His ministry was to talk about the kingdom and talk about salvation, but it was not absent a warning component.  This is about as stern and direct as a warning gets.  “You will die,” that’s enough.  Just to say to someone, “You will die,” is the wakeup call.  “You will die in your sins,” that is you will die unforgiven.  You will die unforgiven.

“And where I am going you cannot come.”  Oh, he had said where he was going.  He said, “I came down from heaven.”  Chapter 6, “I am the bread of heaven, came down from heaven.”  He said this over and over and over.  “I came from the Father.  I came from the Father.”  He even said, “I go back to the Father.  I return to the Father.”  But where He was going they would never go.  He would die, but where he would go when he would die would be a place they would never see.  “I go away.  You will seek me.”  We talked about that, didn’t we, a few weeks ago?  That part of the horror of hell, and there are a lot of components to this suffering of hell, the fact that you’re still sinful and still wretched, only your sin is totally unabated and therefore hell is forever because you still are sinful and so you’re always painful and so you’re always paying for a continuing sinful life. 

Hell is also bitterness.  Hell is also a completely exploding conscience without relief.  But hell is also seeking for what you can’t find.  That’s why there’s weeping, wailing and gnashing of teeth.  “You will seek me.”  Do you think people in hell are seeking salvation?  Do you think people in hell would want to be delivered?  Listen to the language of a man in hell.  “Send someone to dip his finger in water and cool my tongue for I’m tormented in this flame.”  All the seeking is useless.  “You will die in your sins.  And where I go you will never come.”  You’re going to hell, I’m going to heaven. 

How do you die in your sins?  How does this happen?  In verse 22 to through 25, our Lord shows four realities that guarantee you’ll die in your sin.  This is really a potent portion of Scripture.  And so serious that it’s as serious as it gets.  We’re talking about eternity in heaven or hell.  If I had put a title in the grace today, it would have been How to Die in Your Sins. 

So here’s how.

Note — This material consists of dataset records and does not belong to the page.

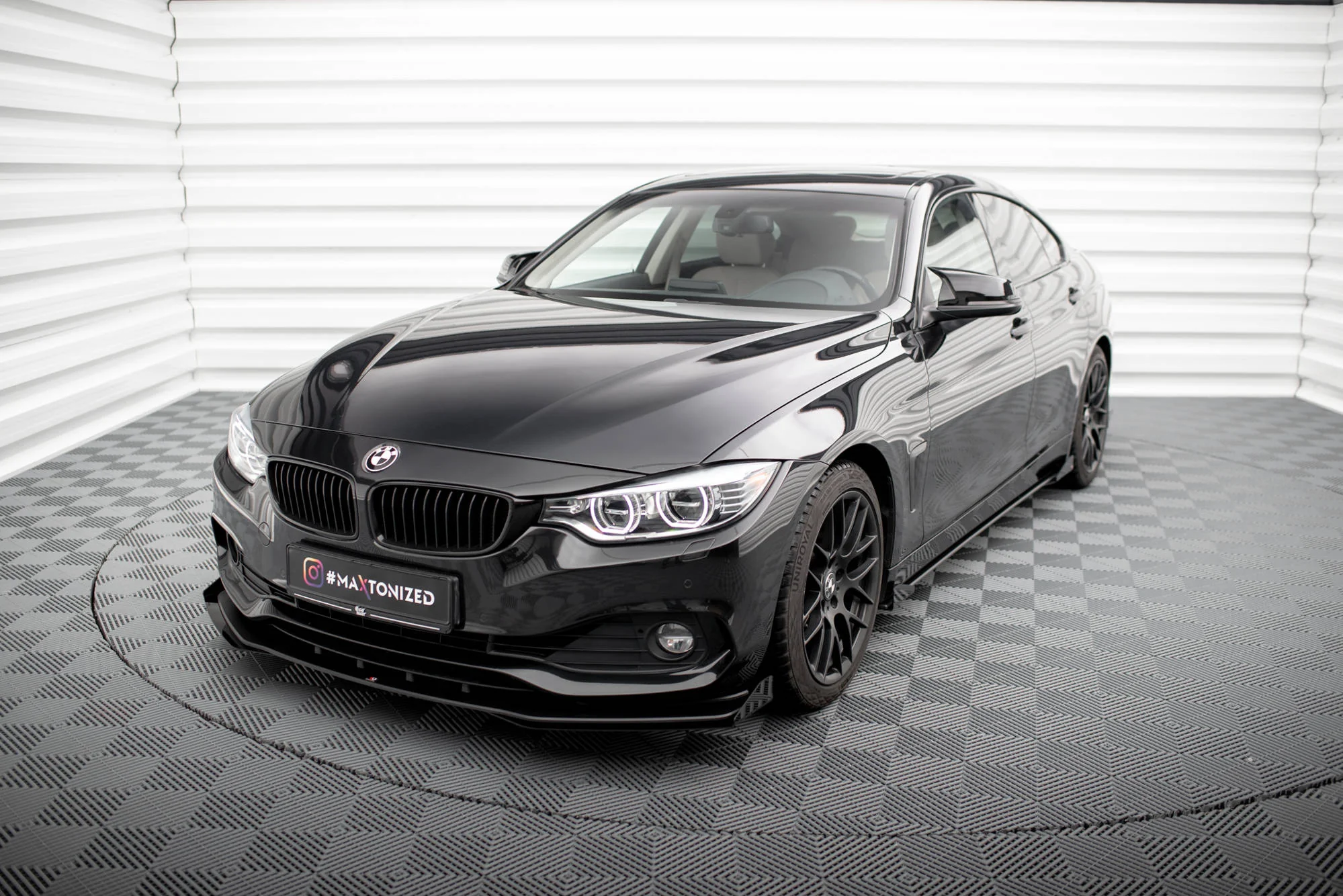 Splitter Przedni Street Pro + Flaps BMW 4 Gran Coupe F36 - Image 2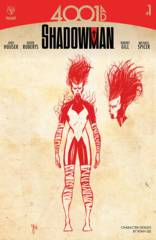 4001 AD Shadowman #1 Cover C 1:10 Variant Char Dsn Lee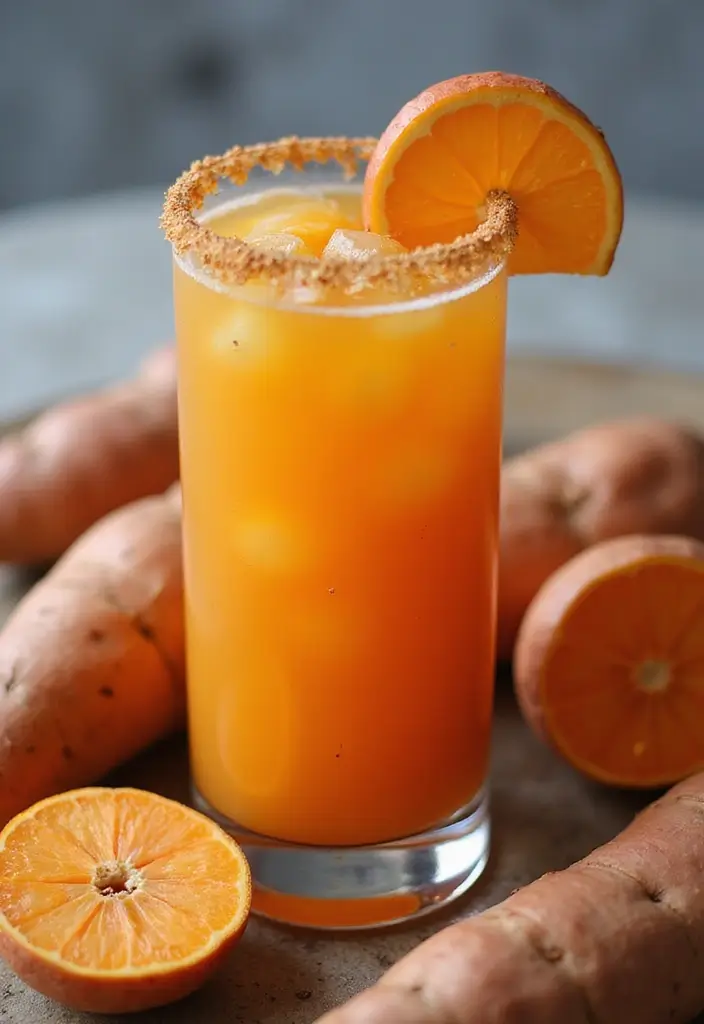 30 Non-Alcoholic Mexican Drink Recipes for Any Occasion - 26. Sweet Potato Agua Fresca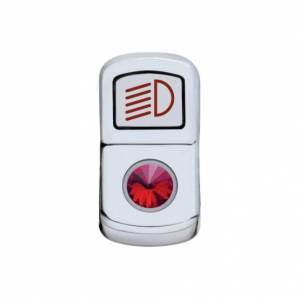 UNITED PACIFIC - 45135 - TAPA DEL INTERRUPTOR DE BALANCÍN DE FAROS CON CRISTAL ROJO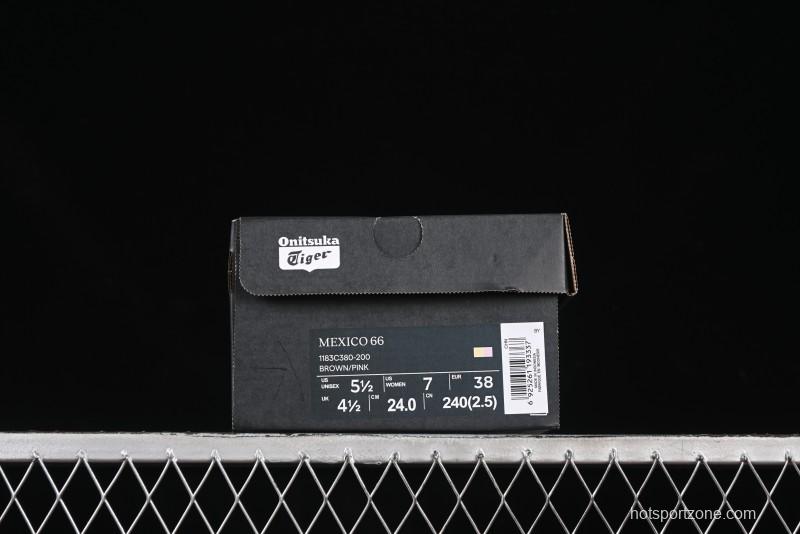 Onitsuka Tiger Mexico 66 Low-Top Leather Running Shoes - 1183C380-200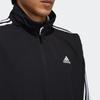 Adidas Vintage Sports Stand Collar Jacket Casual High Neck Long Sleeve Jacket Men Jacket Black GN0819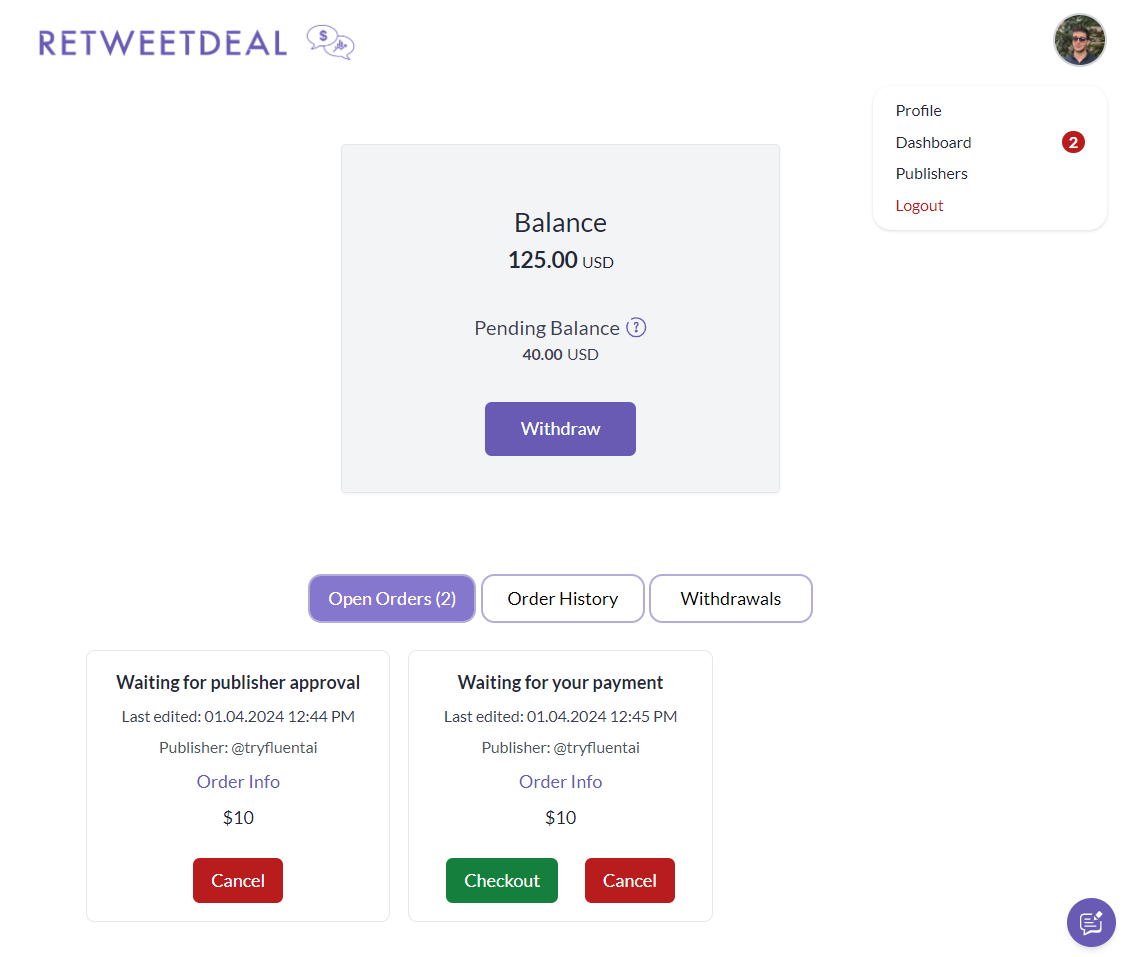 retweetdeal - 広告のためのリツイートマーケットプレイスメディア3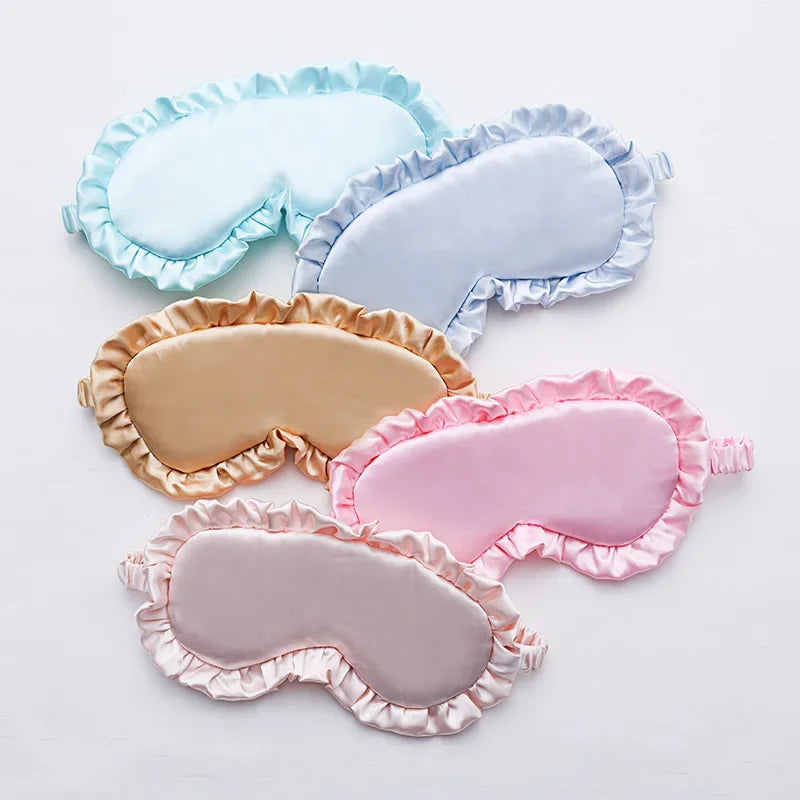 Volant Mask - Luxury Silky Soft Sleep Mask with Ruffles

First, be self-righteous, be self-righteous.  Go to verse 22.  So the Jews were saying, “Surely He will not kill Himself, will He?  Since He says, ‘Where I am going you cannot come.’”  You say, well, what is there in that about self-righteousness?  That entire statement demonstrates the self-righteousness of the Jews.  Primarily when you see the word Jew in the Gospel of John it’s referring to the leaders, the scribes and the Pharisees, but it embraces all the people who followed in their pattern, in their religious system.  Their scorn is palpable here.  Their mockery is obvious here.  They didn’t need a redeemer.  They didn’t need a savior.  They resented His attacks on their hypocrisy.  They resented His indictment of them as sinners in need of a savior.  This is the essence of self-righteousness.  It looks at a savior and mocks the whole idea. 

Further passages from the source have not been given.